Stuttgart 21 und die NBS Wendlingen-Ulm haben mit dem Güterverkehr überhaupt nichts zu tun. Es gibt im Rahmen dieser Projekte keine Verbesserungen für den Güterverkehr. Die Anwohner der Strecken in Stuttgart sowie zwischen Stuttgart und Ulm werden nicht vom Güterverkehrslärm entlastet. Der europaweite Engpass Geislinger Steige für den Güterverkehr wird nicht beseitigt.
Regional- / S-Bahnverkehr
Der Rastatter Tunnel mit seinen Anschlussstrecken wird den Regional- und S-Bahnverkehr südlich von Karlsruhe auf der Rheintalbahn und auf der Murgtalbahn revolutionieren.

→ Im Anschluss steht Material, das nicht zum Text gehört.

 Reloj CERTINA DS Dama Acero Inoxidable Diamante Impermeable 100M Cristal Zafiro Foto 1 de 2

Es stehen dann im Bahnhof von Rastatt sowie auf der Strecke von Karlsruhe nach Rastatt über Durmersheim sowie auf der Strecke von Karlsruhe nach Rastatt über Ettlingen zusätzliche Fahrplantrassen für Regionalzüge und S-Bahnen zur Verfügung.

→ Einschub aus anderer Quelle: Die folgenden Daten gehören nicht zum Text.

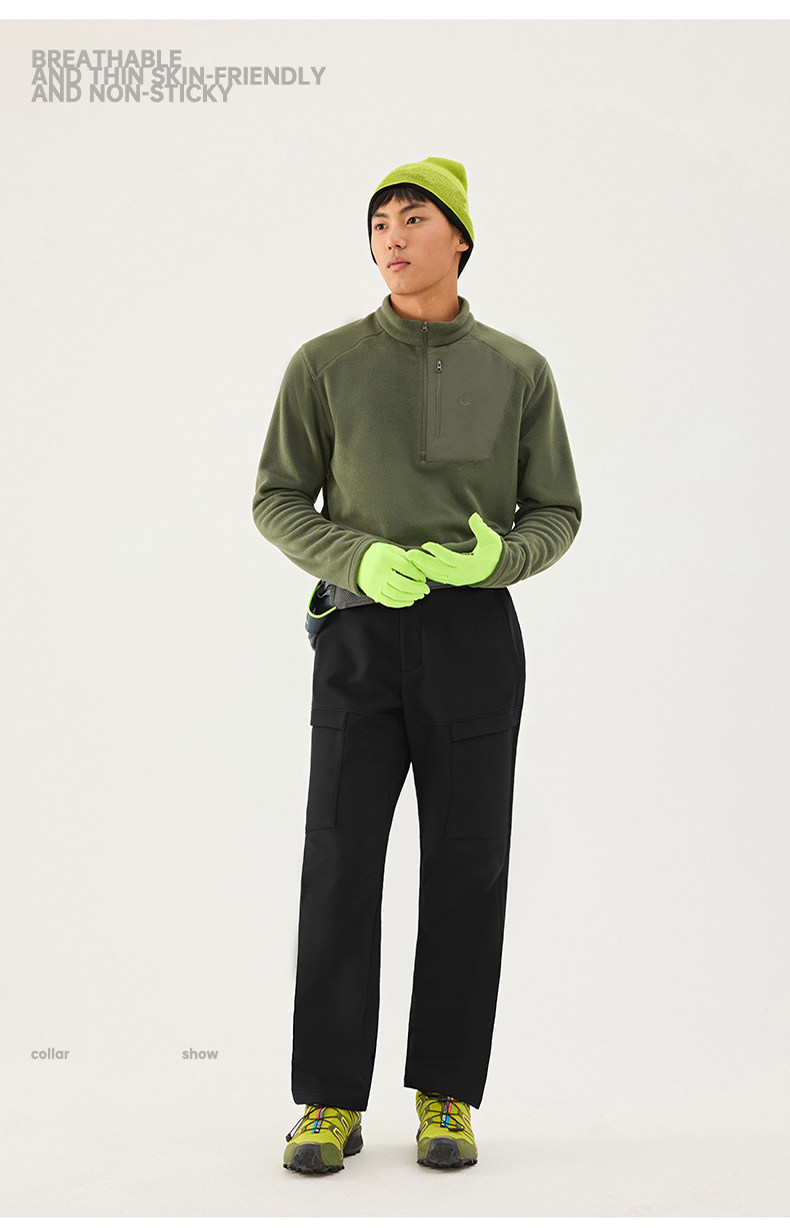 TECTOP Men’s Hiking Pants – Water Repellent & Fleece Lined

Damit können noch mehr Regionalzüge und S-Bahnen als heute fahren. Auch die Fahrplanzeiten dieser Züge können weiter optimiert werden. Die Züge können zukünftig dann fahren, wenn es verkehrlich sinnvoll ist und nicht mehr dann, wenn gerade eine Lücke zwischen den Fern- und Güterzügen besteht. Auch die Anschlüsse in Rastatt und in Karlsruhe können weiter verbessert werden.
Bei Stuttgart 21 wird die S-Bahn in ein noch engeres Korsett gezwängt als dies heute bereits der Fall ist. Der zusätzliche Haltepunkt Mittnachtstraße und die fehlende Überlaufmöglichkeit bei Störungen werden die S-Bahn immer unattraktiver machen. Die eigentlich erforderliche Entlastung der S-Bahn-Stammstrecke rückt mit Stuttgart 21 in fast unereichbare Ferne. Auf den Fildern müssen die S-Bahnen zukünftig auf denselben Gleisen wie die Regional- und Fernzüge fahren und im Bahnhof Flughafen müssen sie sogar mit nur einem Gleis im Zweirichtungsbetrieb vorliebnehmen.
Der Regionalzugverkehr in der Region Stuttgart und darüber hinaus in ganz BW wird durch Stuttgart 21 massiv beeinträchtigt. Im Berufsverkehr können nicht mehr so viele Regionalzüge fahren wie heute. Alle Züge müssen im Hauptbahnhof durchgebunden werden, auch wenn dies verkehrstechnisch noch so unsinnig ist. Um die Standzeiten im nur achtgleisigen Stuttgart 21-Tiefbahnhof zu minimieren, sollen Regionalzüge mit vielen Türen und relativ wenigen, unbequemen Sitzplätzen fahren. Davon sind hunderttausende Reisende in ganz BW betroffen.
Fazit
Es ist in der Tat unmöglich, in einer aufgeheizten Bundestagsdebatte die besserwisserisch daherkommende Bundeskanzlerin zum Rastatter Tunnel und zu Stuttgart 21 aufzugleisen. Allerdings sollte es im zuständigen Verkehrsministerium und auch im Bundeskanzleramt durchaus Leute geben, die diese Arbeit vollbringen können.
Eine Katastrophe allerdings ist es, wenn im Bundeskanzleramt zu Stuttgart 21 nicht sachbegründete Einscheidungen fallen, sondern wenn Prinzipienreiterei und Rechthaberei den Ton angeben.